Do you classify web sites per URL?

Classification per URL term is overused in the industry, it gives the false sense that every URL is classified and some companies boast that they are classifying billions of URLs, in reality what happens is that there are number of domains that are indeed checked per URL, and the rest are considered as one category for the entire domain.

The best example for that would be Wikipedia, in our service we classify it as reference (for the entire domain), you can test any Wikipedia volume with the competing services that claim per URL classification and see that it is classified as reference (or similar) regardless of the topic of the volume.

Can you classify per URL?

We have an option to request the server to classify a URL on the fly, regardless of the domain category, this can be used for instances that the client requires to go even deeper with sites like YouTube, Wikipedia, etc.

We also have the Komodia PerPageSDK that allows you to classify each page on the fly at the client level.

Do you classify web searches?

Yes, the server detects when a URL is for a search engine and part of a search query, it will extract the keyword and classify the keyword with the database of over 12 million keywords and phrases in 20 languages.

Do you classify a keywords or phrases?

Yes, the server can accept a single keyword or a phrase for classification.

Do you classify web sites manually?

Some of the URLs are classified manually, but most of the classification is done by algorithms, some companies claim they classify all web page manually, we find that hard to believe since some sites has over 90 million different sub sites, for example if you run this query with Google: “site:blogger.com” you’ll see how many blogger sub sites and pages exists, you can’t classify this amount manually.

How do you handle new web site?

When we get a request for a new web site the server classify it on the fly (so you don’t have to wait for someone to review it) and adds it to our sites database.

Do you classify images?

There’s no reliable technology to do image classification, there are attempts to use computer vision but they have 50% false positive rate. Images are classified as the domain is, or if you plan to filter image search, you can filter the search phrase itself.

It’s important to understand that images are coming in context (HTML, Search phrase) and the context is what gives away the category.

How many URLs are in your database?

This question is relevant when you’re unable to classify web pages in real time, so beyond a certain number of URLs this number have no meaning when you do on the fly classification like Komodia.

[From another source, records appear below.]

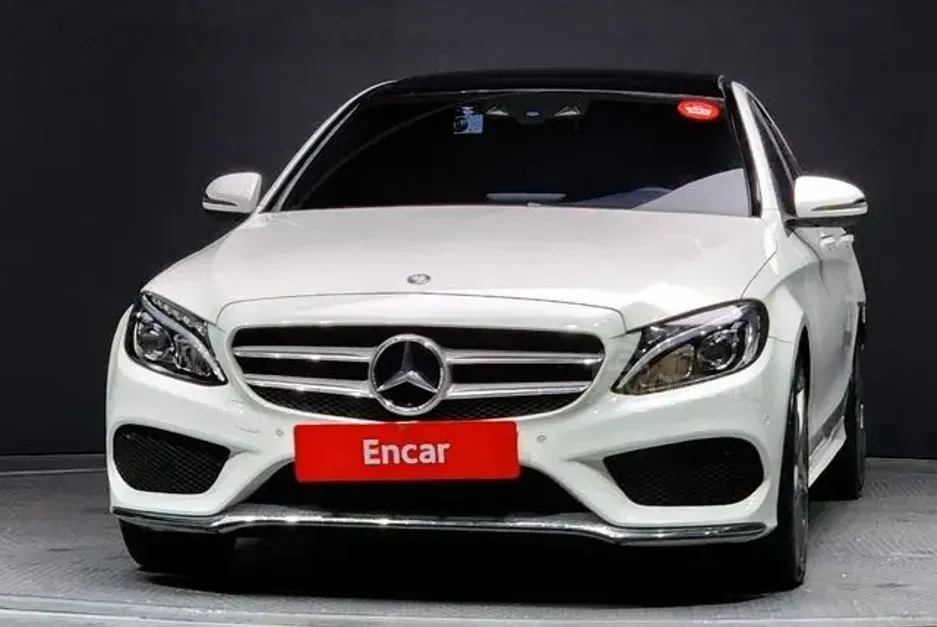Mercedes C 2.2L 2016 თბილისი - photo 1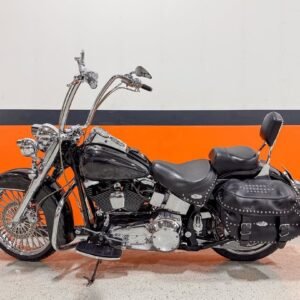 2010 Harley-Davidson Softail Fatboy Low FLSTFB Low Miles Custom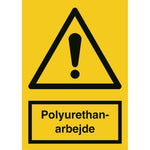 Skilt Polyurethanarbejde - Sikkerhedsgiganten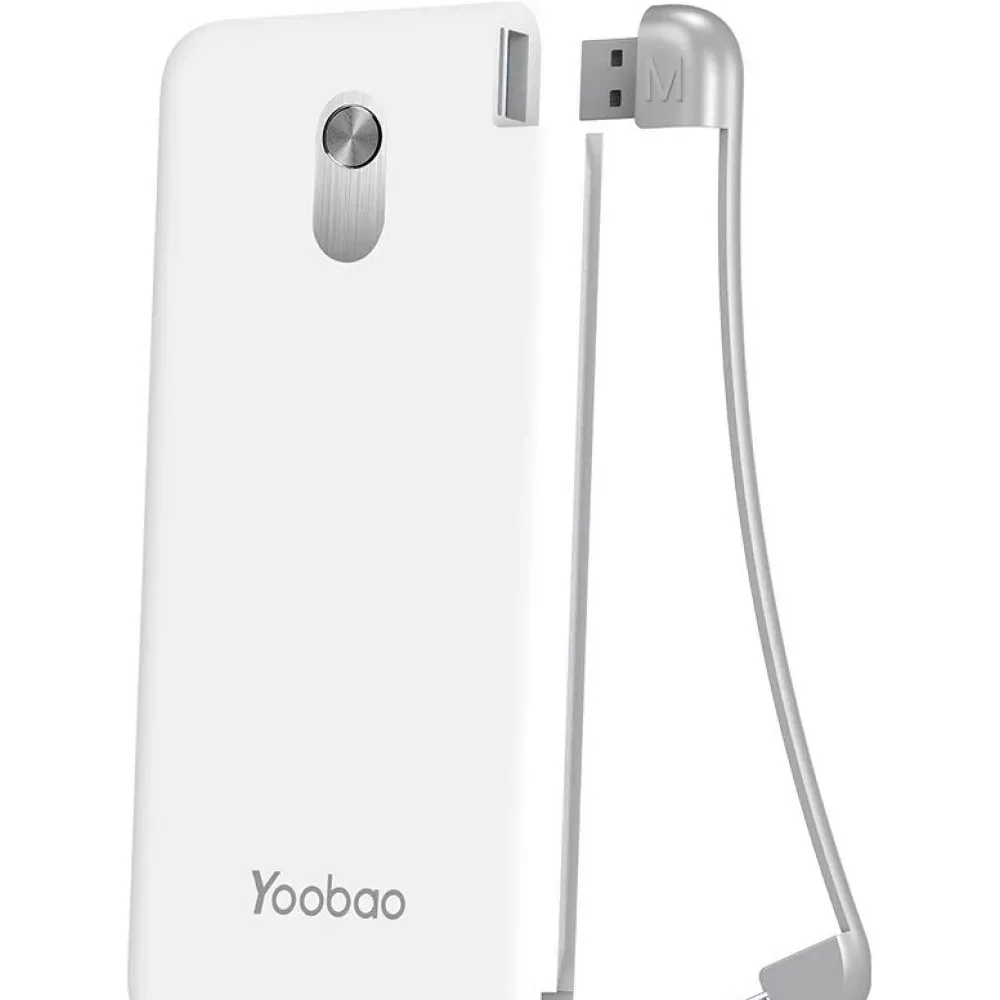 §Power Bank 10000 mAh — Yoobao S10K — Black — фото 6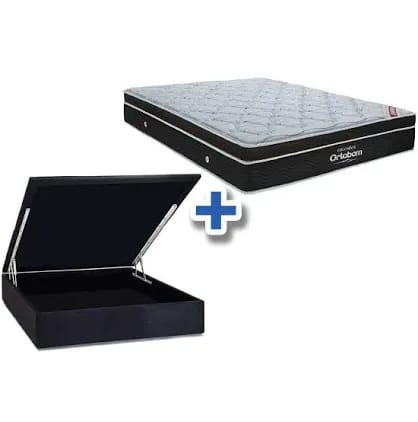 Conjunto Box Baú + Colchão Ortobom
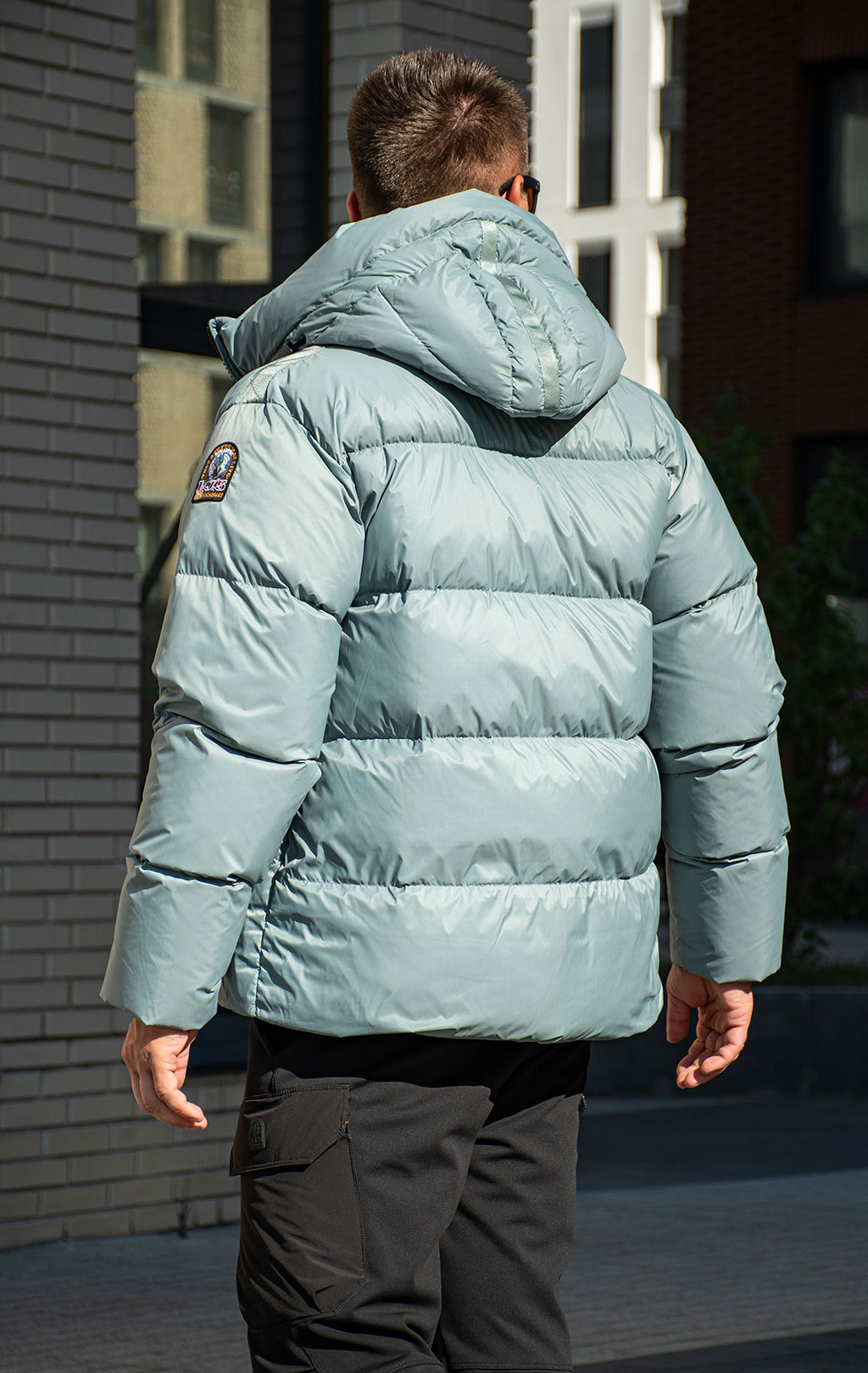 Куртка-пуховик PARAJUMPERS CLOUD FW 25/26 puritan grey 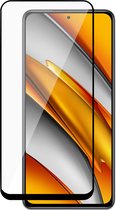 Full Screenprotector Glas geschikt voor Xiaomi Poco F3 / Mi 11i - Beschermglas Screen Protector Glas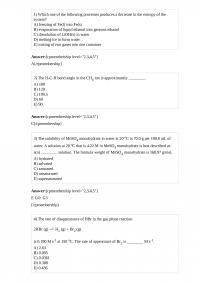 CAS CH 214 Midterm 2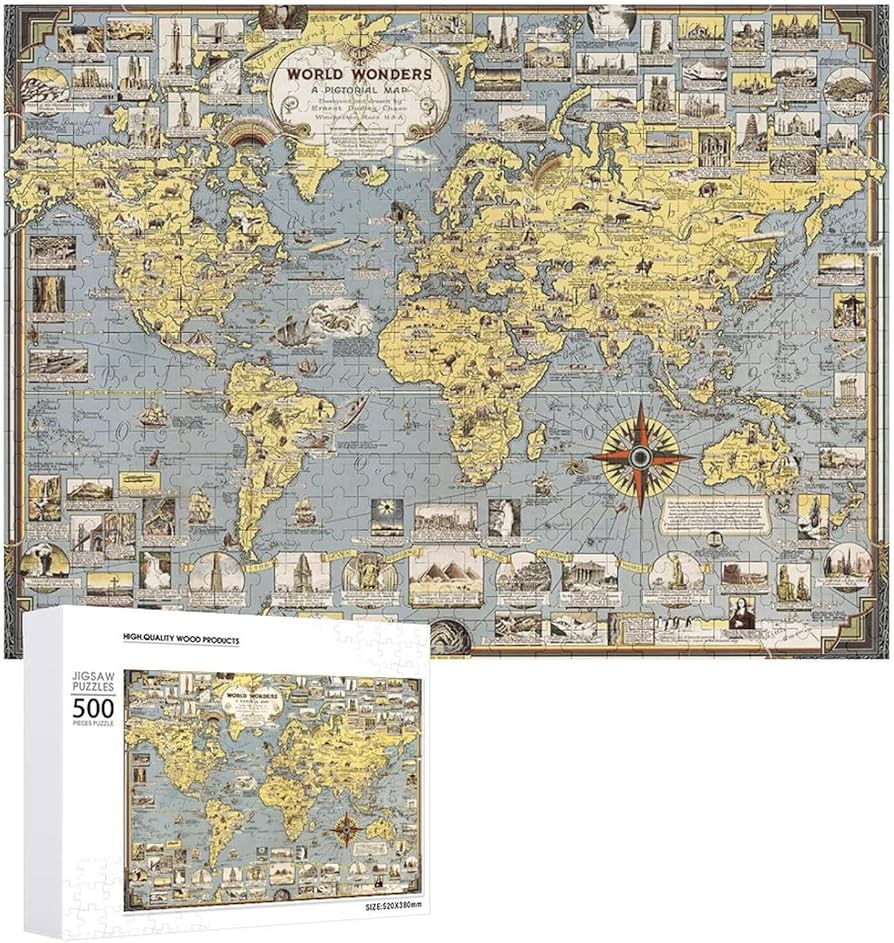 ジグソーパズル 地図」の人気商品一覧 | 安い商品を通販サイトから探す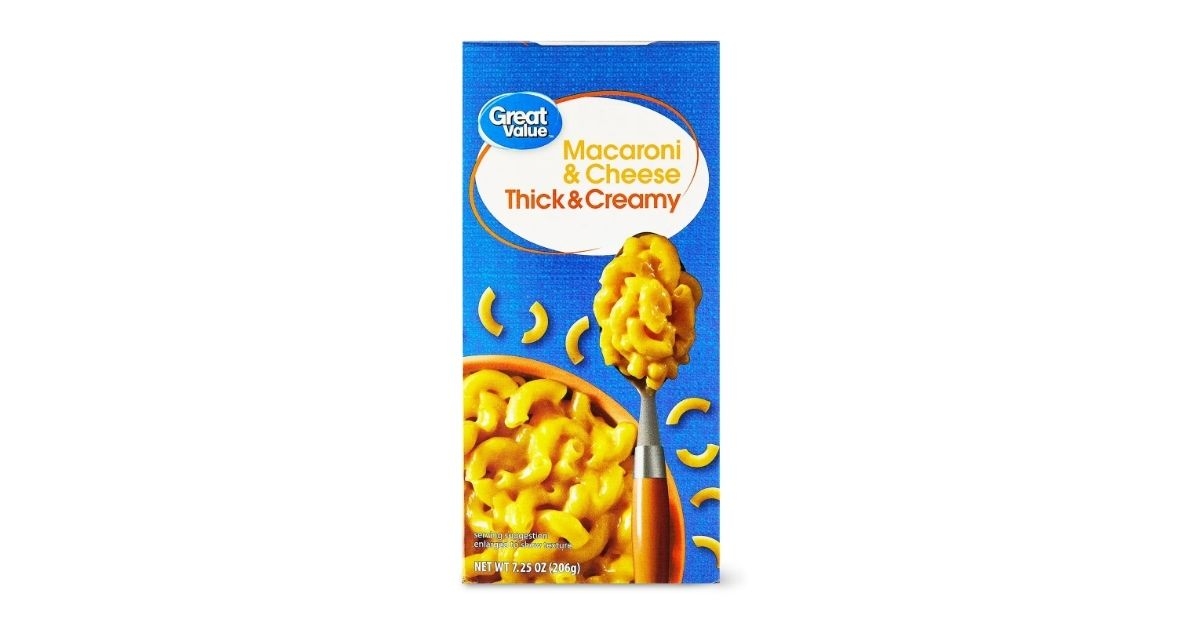 thick creamy macaroni cheese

Anyways in our database we have 10 millions URLs.

What is your service coverage?

Our servers are located strategically around the globe to give good coverage for end users from different geography, in case we have a client that has most of his users from one country we may add a server specifically for that country.

How often do you update your database?

We are updating our results every 7-10 days.

Who needs to manage the servers?

We manage Komodia’s servers which are accessed by all our clients, you can request a dedicated server just for your clients, we can manage it for you, or you can manage it yourself.

Can I manage my own server?

Some companies prefer to manage their own server for security reasons, we can provide the server software for deployment at clients’ site.

How can you offer such a low price vs. the competition?

We spent one year designing the server with a perquisite that it will be cheap to maintain and not require large teams of professional which is required for companies running old generation classifiers.